Tips for the Data Generation Pipeline#

Preview Before Generating#

Always preview before running a full generation job. Preview mode calls the same pipeline with a small record count, projects the records, and writes them to output_path:

$ nemotron steps run sdg/data_designer -c default preview=true num_records=2

Use preview to verify:

Column references in prompts ({{ column_name }}) resolve to the expected values.
Seed fields, such as {{ scenario }}, {{ prompt }}, and so on, are populated from the seed file.
The model returns text that matches the prompt’s intent.
The output_projection produces the schema downstream steps expect.

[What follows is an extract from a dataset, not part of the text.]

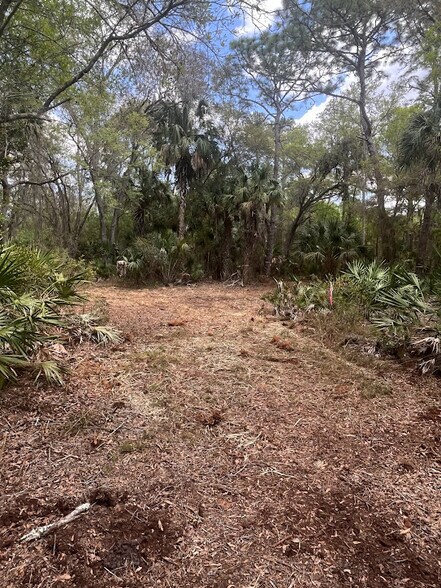 More Photos Of 0 Camellia, Crystal River Land For Sale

Specify a Configuration File#

The repository includes the following sample config files in the src/nemotron/steps/sdg/data_designer/config directory:

Config	Output	Use for
`default.yaml`	SFT chat (`openai_messages`)	General chat SFT
`customer_support_tools.yaml`	Tool-call SFT (`structured_messages`)	Tool-use SFT
`rl_pref.yaml`	Preference pairs (`dpo_preference`)	DPO / RLHF
`tiny.yaml`	SFT chat, 10 records, short tokens	Fast iteration

Specify the file in the -c argument:

$ nemotron steps run sdg/data_designer -c customer_support_tools preview=true num_records=2

Run Attached on a Cluster Profile#

To dispatch to a Lepton or Slurm profile configured in env.toml, use --run (attached, streams logs) or --batch (detached):

$ nemotron steps run sdg/data_designer -c default --run my-lepton-profile num_records=1000

For cluster setup, see Dispatch SDG to a Cluster.